1) Write that habit down. Name it.

Let’s say your bad habit is negative self-talk, telling yourself you’re guilty of something when it wasn’t actually your fault. Carrying someone else’s emotional suitcase instead of taking responsibility for your own. If you want to successfully change this unhealthy habit, then you have to back up around that circle, and look at the actions involved. What actions over and over have built that habit to the point that it comes naturally and you don’t even realize you’re doing it? 

2) Write that action, or series of actions, down. Don’t euphemize or minimize.

Next, ask yourself “what am I usually feeling, when I start acting this way? Which emotions are present? Am I angry? Sad? Lonely? Bored? Tired?” You’ve probably never analyzed it like this before, but that’s okay. If you can’t figure it out, give it a few days and try to notice how you’re feeling when that action happens in real time. When you get some answers, take notes and then wait to see if that’s the primary emotion connected to the action you want to change, or if there are other feelings at other times, too.

3) Write those feelings down.
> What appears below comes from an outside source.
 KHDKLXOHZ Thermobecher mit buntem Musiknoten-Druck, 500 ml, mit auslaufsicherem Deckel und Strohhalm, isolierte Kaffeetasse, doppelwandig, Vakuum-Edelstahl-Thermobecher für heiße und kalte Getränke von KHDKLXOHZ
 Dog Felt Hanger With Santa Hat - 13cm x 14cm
Be honest with yourself.

Spend some time thinking about those feelings. Try to become aware of when you start to feel that way, and then ask yourself “What was I thinking about when that feeling started? What words were subconsciously playing on the soundtrack in my mind? What was I telling myself? Were those mental statements true according to God’s word? If Jesus were sitting here with me, is that what He would tell me about myself?” 

4) Write those thoughts down. Even if they’re not pretty.

Putting your mental soundtrack on paper may not be easy. 

It might sting to see those words in front of your eyes. They might make sense in your brain but look ludicrous on the page. That’s okay. This is one way to take their power away. 

When you do this, you’re doing demolition on the lies that have built this facade of identity in your soul, in order to remodel with the truth of what God really says. 

Because the truth is? No matter what lies you have believed, Jesus thinks about you as His treasured, beloved child.